The census has a lot of data. Probably the biggest issue that I have with using census data is that there is so darn much of it. Also you can get it in a heck of a lot of ways.

This particular story is going to be about the five year American Community Survey data because that is reported down to the “block group” level and has information about an enormous number of variables. If you don’t know what a block group is, you can think of it as a collection of roughly 1000 people who all live near each other. A block group is a subset of a census tract.

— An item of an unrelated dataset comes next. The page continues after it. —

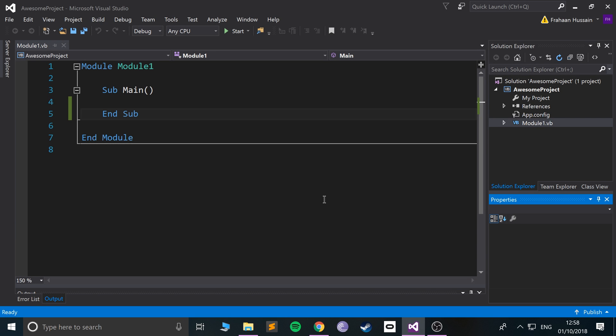Hello, in this Visual Basic programming tutorial we are going to take a look at the hash table. The hash table is a collection which allows you to store data in a key-value pair system.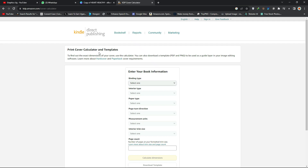Most of you are facing this problem because you're just designing your paperback covers and not measuring according to the Amazon standard. In this video, I'm going to show you what you can do using the Amazon standard.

First off, maybe you don’t want to use the API. Maybe your data are so precious that you don’t want to risk having them logged on some server in the Department of Commerce. In that case, you probably want to download a CSV from the Amerian FactFinder Download Center. The Download Center is really nice! And it has a lot of information organized by ZIP Code Tabulation Area (ZCTA), which is the Census’s answer to the ZIP code. If you already have street addresses with ZIP codes in your precious data set, you don’t even need to geocode anything. You will, however, still need to deal with the the fact that there are a heck of a lot of variables and they all have names like HC03_VC54. Definitely get any metadata that the Census offers you alongside your data.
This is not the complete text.